BR: Goddammit, why the hell didn’t anyone tell me Gorilla Grodd ate human flesh? Two days into the program, he ate the entire cast. Then he put the entire crew under mind control and had them reconfigure the broadcast arrays to beam…well, whatever the hell it was.
HJ: [checks notes] A go-go ray, I believe.
BR: Oh yeah! Crazy monkey wanted the human race to go-go dance itself to death.
HJ: The Flash stopped him, but it wasn’t enough to save the series, right?
BR: Yeah. Even with the sets rebuilt, we couldn’t replace the cast. “Hey, come on our show, you won’t get eaten like the last guys” is not a pitch that works when recruiting talent. Especially paranoid loons like most super-villains.
HJ: Have you ever considered returning to a career in super-villainy?
BR: Hell yeah! That’s why I agreed to this interview. I’m ready to come out of retirement! I'm back, baby! Superman will kneel before me! The world will tremble!
HJ: Go on.
BR: But not as Blackrock. Television is dead! Its day is through! The future is the internet! [Stands up, shakes fist to the sky] And I am its master! With my new weapon, I will be: The Deadly Dial-Up!
HJ: You have a new weapon?
BR: A modem box that shoots lightning and can “download” people into alternate dimensions. It makes that modem “ga-jung hsssss” noise, too. This thing is excellent!

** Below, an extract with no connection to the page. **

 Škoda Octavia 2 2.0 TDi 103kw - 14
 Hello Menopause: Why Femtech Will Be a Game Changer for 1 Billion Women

HJ: Uh…Mr. Tanner, dial-ups are being phased out in favor of faster connections. They’re becoming rare.
HJ: I’m sorry, it’s true.
BR: But…my new tights…a phone and a lightning bolt on the chest…my cape…
HJ: I’m sorry, sir. Perhaps you could be the Terrible T1 Connection?
BR: The what?
HJ: The WiFi Bad Guy?
HJ: Never mind. Thank you for your time, Mr. Tanner.
BR: [sighs] Oh, you’re welcome, Harvey. You know you’re always welcome here.
And hey, should any budding super-villains have any questions for me, just pass ‘em on. Maybe we could team up and take on Superman again! I got a plan to beat that guy! Can't miss! All it’ll take is fourteen mandarin oranges, a raincoat, and a plasma wakefield accelerator with an energy gradient of 300 GeV/M that can fit into a late-model Japanese sedan.
HJ: I’ll be sure to pass that on.
BR: Thanks. You can let yourself out. “WWE Smackdown” starts in a minute, and you know I hate to miss it.